[No.3212]
#16「ロマンシェ」原田 マハ
テストに向けて勉強していたチビ子が言っていました。本が読みたいのに時間がない、と。小説を読む時間も勉強にあてる、と子供ながらに決心して実行していた様子を傍で見ていて、なかなかなものだ、我が娘、と思っていました。
最近、仕事が立て込んだり、なかなか疲れが取れないので早めに寝ようしていたり、以前と比べると通勤時間が少なくなったので、読書の時間が少なくなっていますが、読みたい本はたくさんあります。
これまでもいくつか原田マハ作品を読んでましたが、やはり主人公についつい感情移入してしまいます。この作品の主人公の一人、道明寺未智之輔(ミッシェル)は政治家である父の息子、美術大学を卒業後にパリに留学し、父が進める議員の娘とのお見合いから逃げて、パリのカフェや工房でアルバイトしながら、パリの美術学校への入学を目指します。
女子力の高い美術学生、というよりも心は女子なので、美術大学の同期の高瀬君が大好きですが、その気持ちを伝えられないままです。

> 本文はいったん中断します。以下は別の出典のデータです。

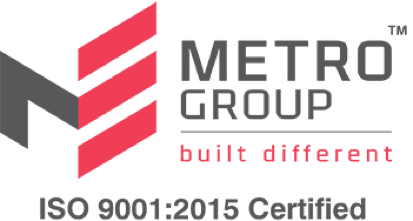Metro Group | Built Different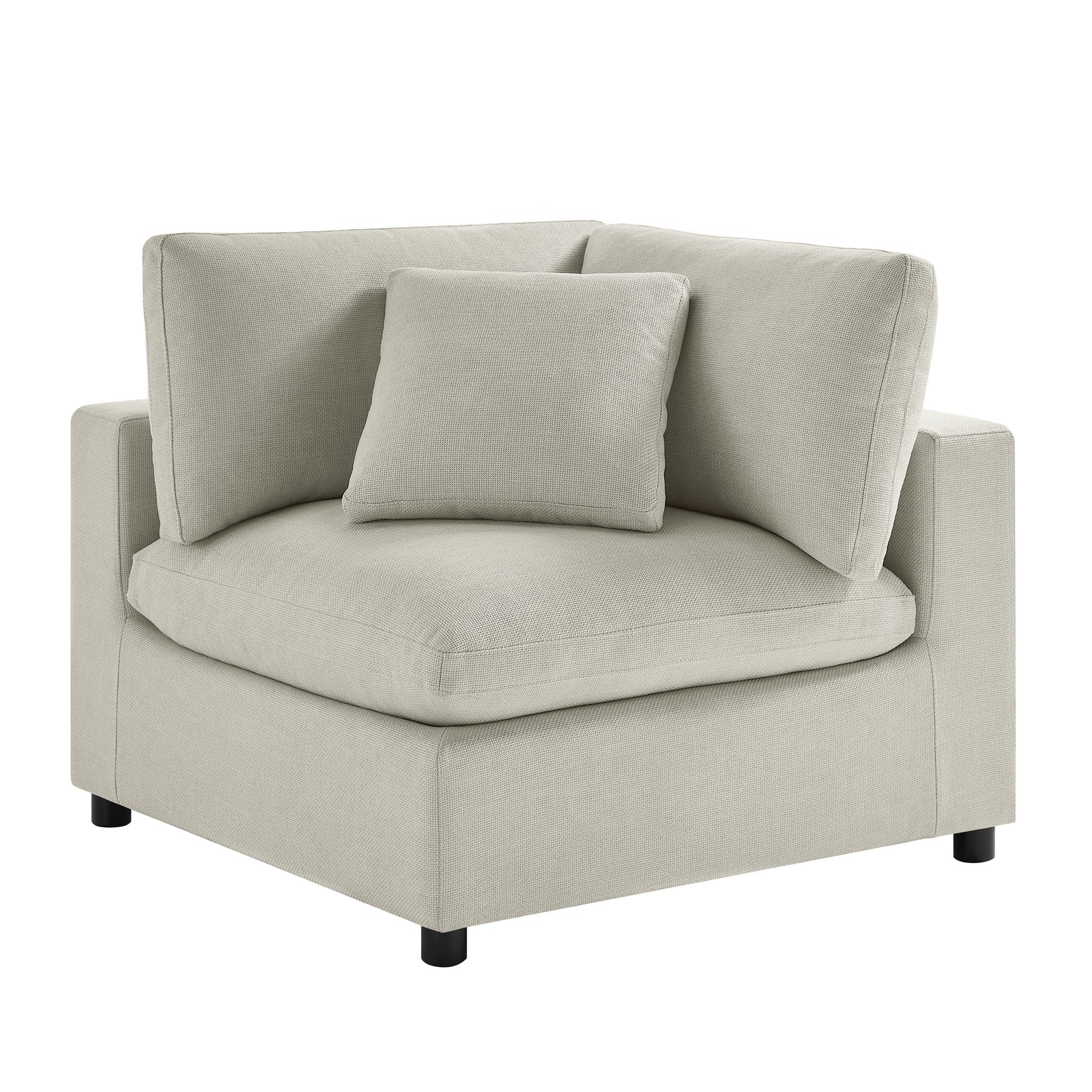 Cassandra - Corner Wedge Chair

中身は読んでのお楽しみ、大事なエッセンスだけをみなさんと共有です。
君が叫んだその場所こそがほんとの世界の真ん中なのだ。
そう、人生の主人公は自分、自分の意思を大事に、自分で尊重することが第一です、と気づかせてくれました。
小説は、バタバタも楽しめる、インナーナショナル、アーティスティック、アクションコメディです。
----- ここから、若干のネタバレあります-----
この小説のようなうまい話は、そうそうないのかもしれません。偶然リトグラフ工房に出入りできるようになり、まさかの世界の巨匠と知り合えたり、雲の上の存在の「あの人」と知り合えたり。そんなにうまくいかない人生、そう言いたくなりますが、この小説、いや原田マハさんがすごいのは、この小説は、フィクションでもなく、実は東京でのリトグラフギャラリーの開催など、事実と連動しながら小説が書かれていた、という事実です。
ギャラリー開催には、何年も前から交渉や調整も必要だそうですが、「度胸と直感」で実現した、そうです。